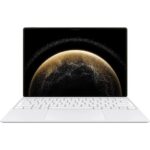 Планшет 13.2" Huawei MatePad Pro 12/512GB 53014EXQ WF+KB PM Premium Gold
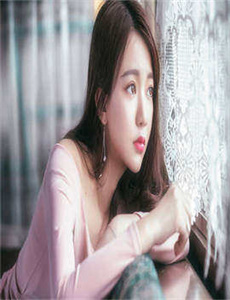 fc2视频网址-一夲道DVD高清无码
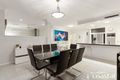 Property photo of 22 Bandol Gardens Secret Harbour WA 6173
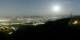 Uetliberg 15.06.2025 01:51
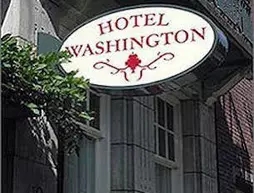 Hotel Washington
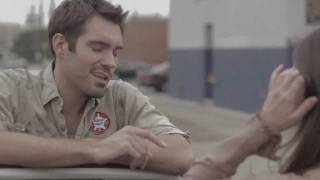 Bearing Fruit - Extended Trailer video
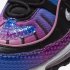 Nike Air Max 98 SE | Hyper Blue / Magic Flamingo / Vivid Purple / White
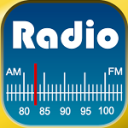 RadioFM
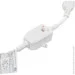 Wezer   SDR-B07STP    .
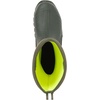 image:imageMUCK Mens Edgewater Classic Mid BootGreen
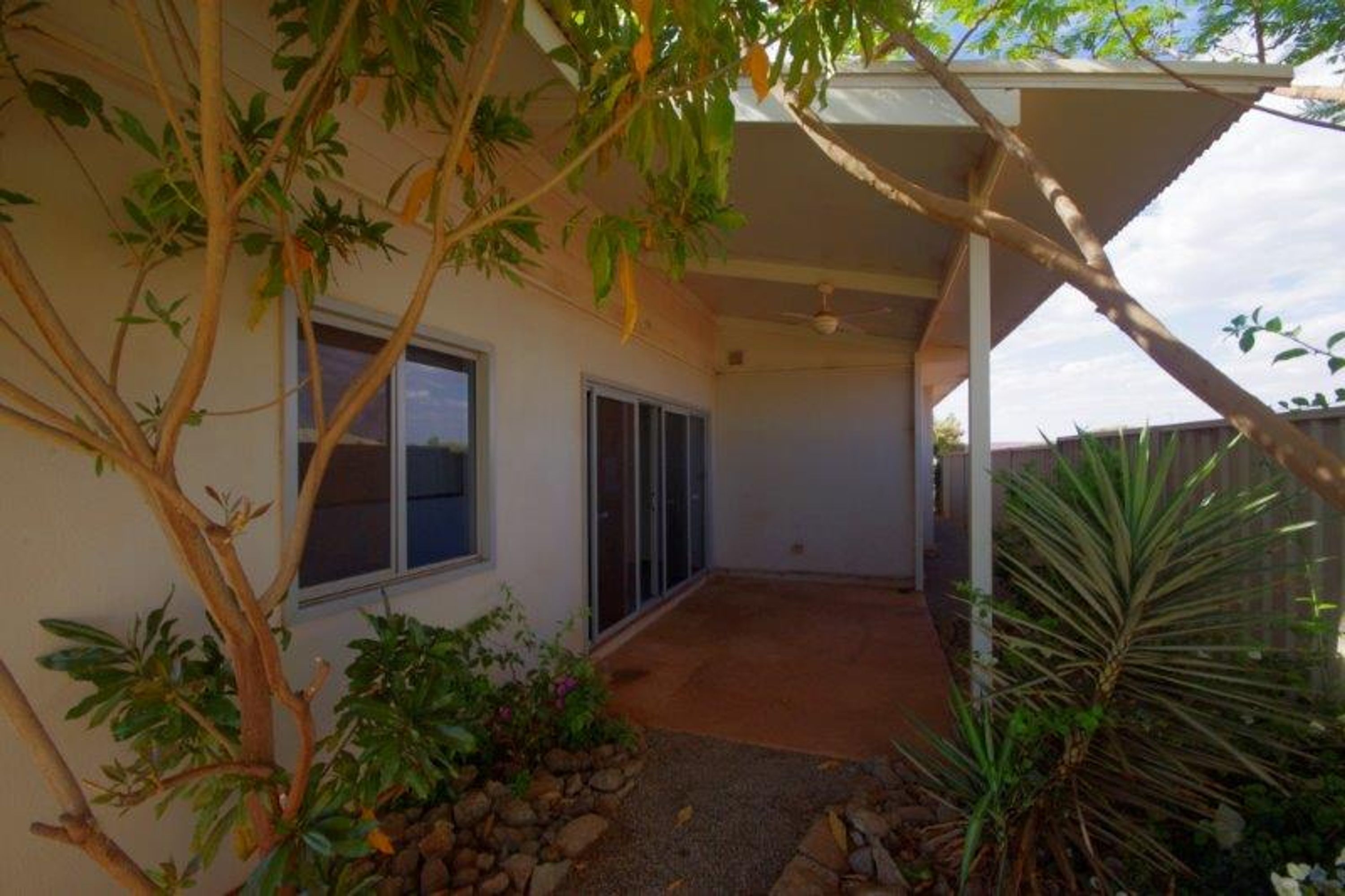 22 Ophthalmia Crescent, Newman, Newman - Thumbnail 2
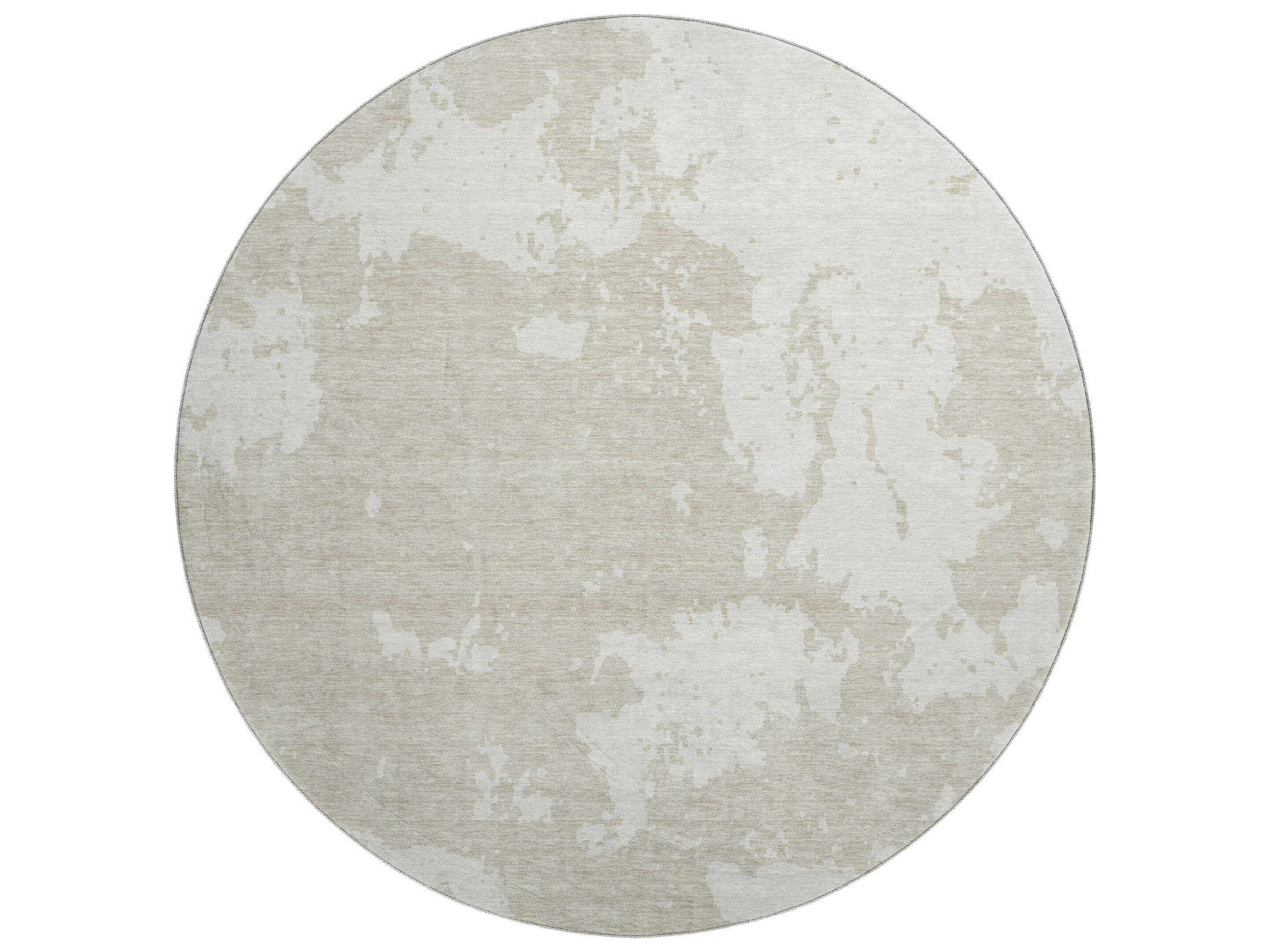 Dalyn Mayfield Abstract Area Rug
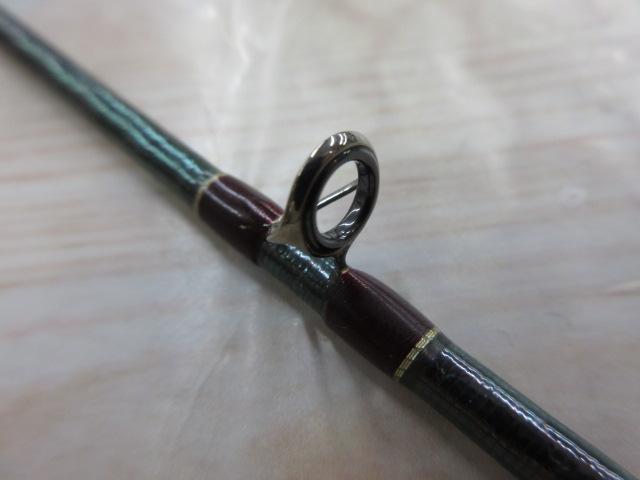 18ワールドシャウラ 1652R-3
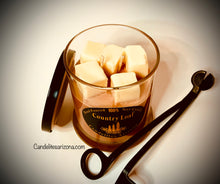 Load image into Gallery viewer, Country Loaf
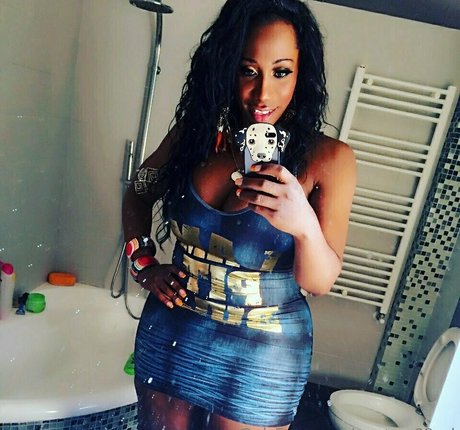 pantera22xxl estrella del sexo archivo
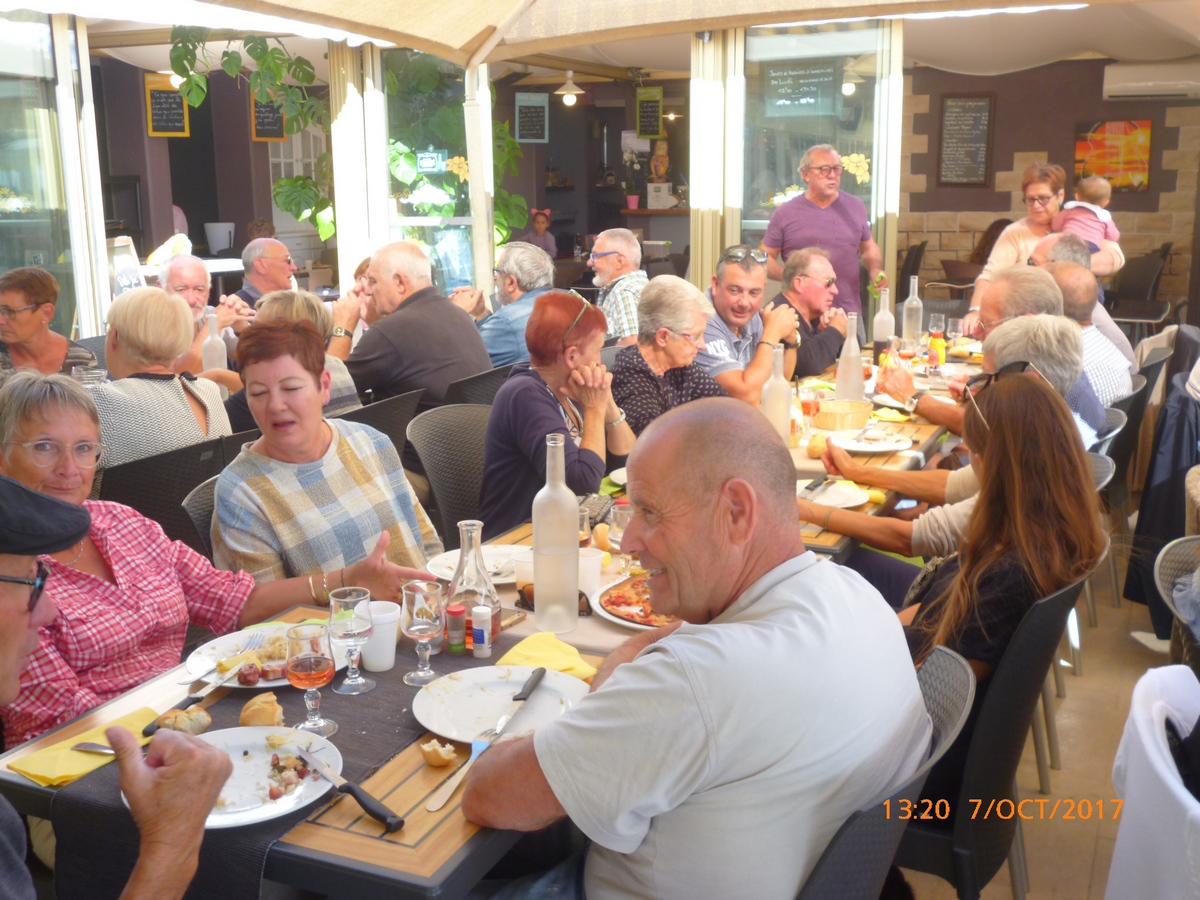 Repas choucroute 07 10 2017 LDR_6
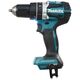 Makita DHP484Z, фото  | SNABZHENIE.com.ua
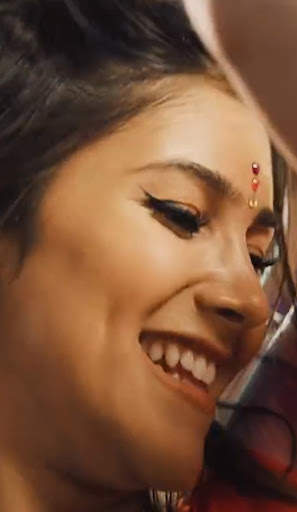 ULTRA DANCE RADIO screenshot 5
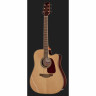 Takamine GD93CE-NAT Набор №461640 Takamine GD93CE-NAT Bundle №461640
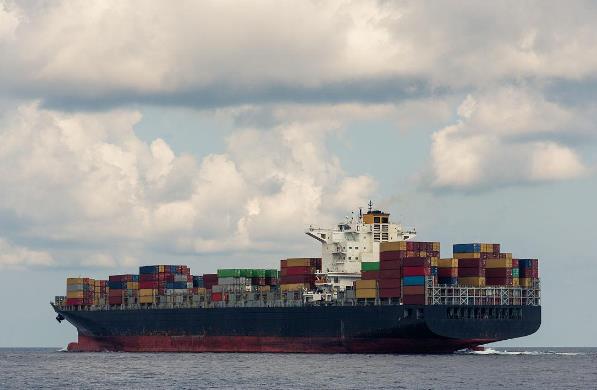 寧波貨運代理公司是一個非常重要的存在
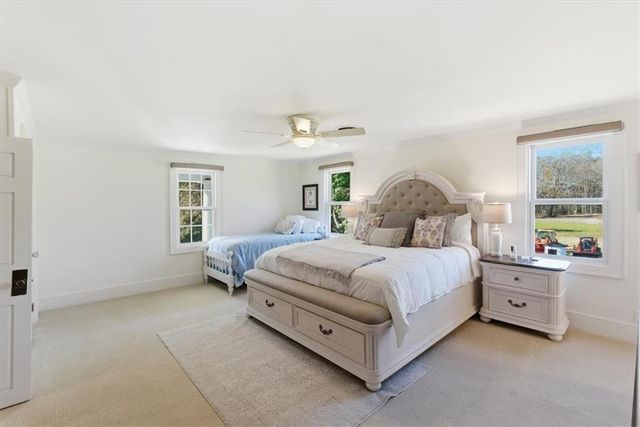 3740 Highway 48, Summerville, GA 30747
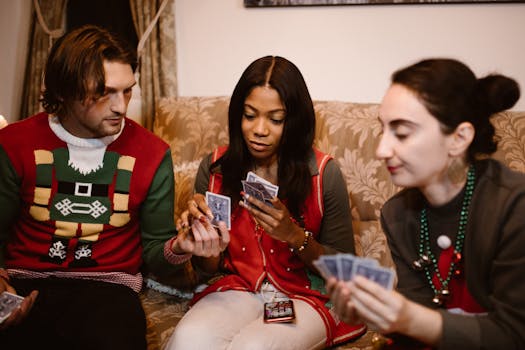 Understanding The 3kk Euribor: Key Factors And Impact On Financial Markets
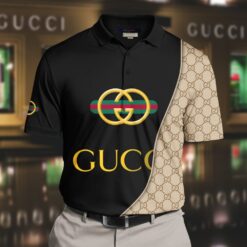 New 2024 – G  Polo Shirt For Men – B9G-PO-DT4613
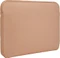 Case Logic LAPS-116 15-16" Laptop Sleeve Apricot Ice Vorschaubild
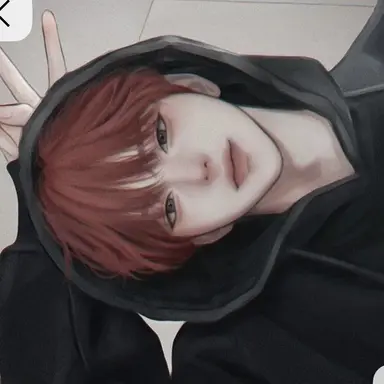 Profile image of 박지훈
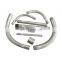 manufacture high quality suppliers  rigid 90 degree elbow bends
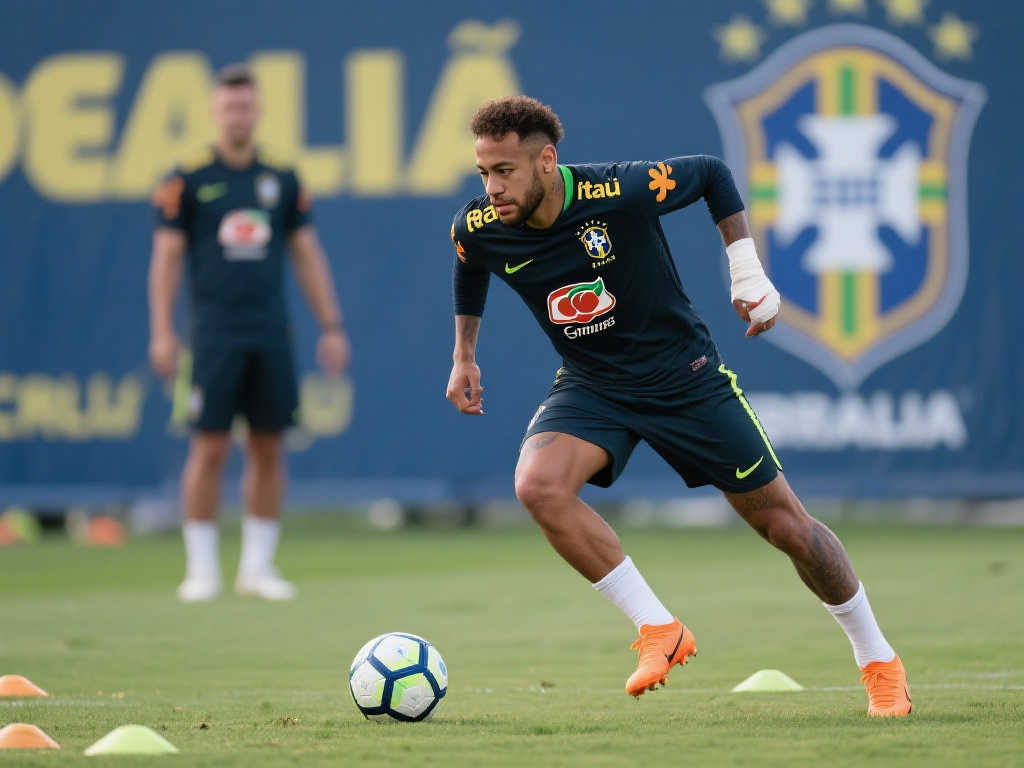 案例分析 案例分析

◆ Exercise objective
Repeat exactly the lines above, from the line containing "18ワールドシャウラ 1652R-3" through the last line of the records, inclusive; omit any pictures.

◆ Solution for this task
 18ワールドシャウラ 1652R-3
 Load image into Gallery viewer, Country Loaf
 pantera22xxl estrella del sexo archivo
 Repas choucroute 07 10 2017 LDR_6
 Makita DHP484Z, фото  | SNABZHENIE.com.ua
 ULTRA DANCE RADIO screenshot 5
 Takamine GD93CE-NAT Набор №461640 Takamine GD93CE-NAT Bundle №461640
 寧波貨運代理公司是一個非常重要的存在
 3740 Highway 48, Summerville, GA 30747
 Understanding The 3kk Euribor: Key Factors And Impact On Financial Markets
 New 2024 – G  Polo Shirt For Men – B9G-PO-DT4613
 Case Logic LAPS-116 15-16" Laptop Sleeve Apricot Ice Vorschaubild
 Profile image of 박지훈
 manufacture high quality suppliers  rigid 90 degree elbow bends
 案例分析 案例分析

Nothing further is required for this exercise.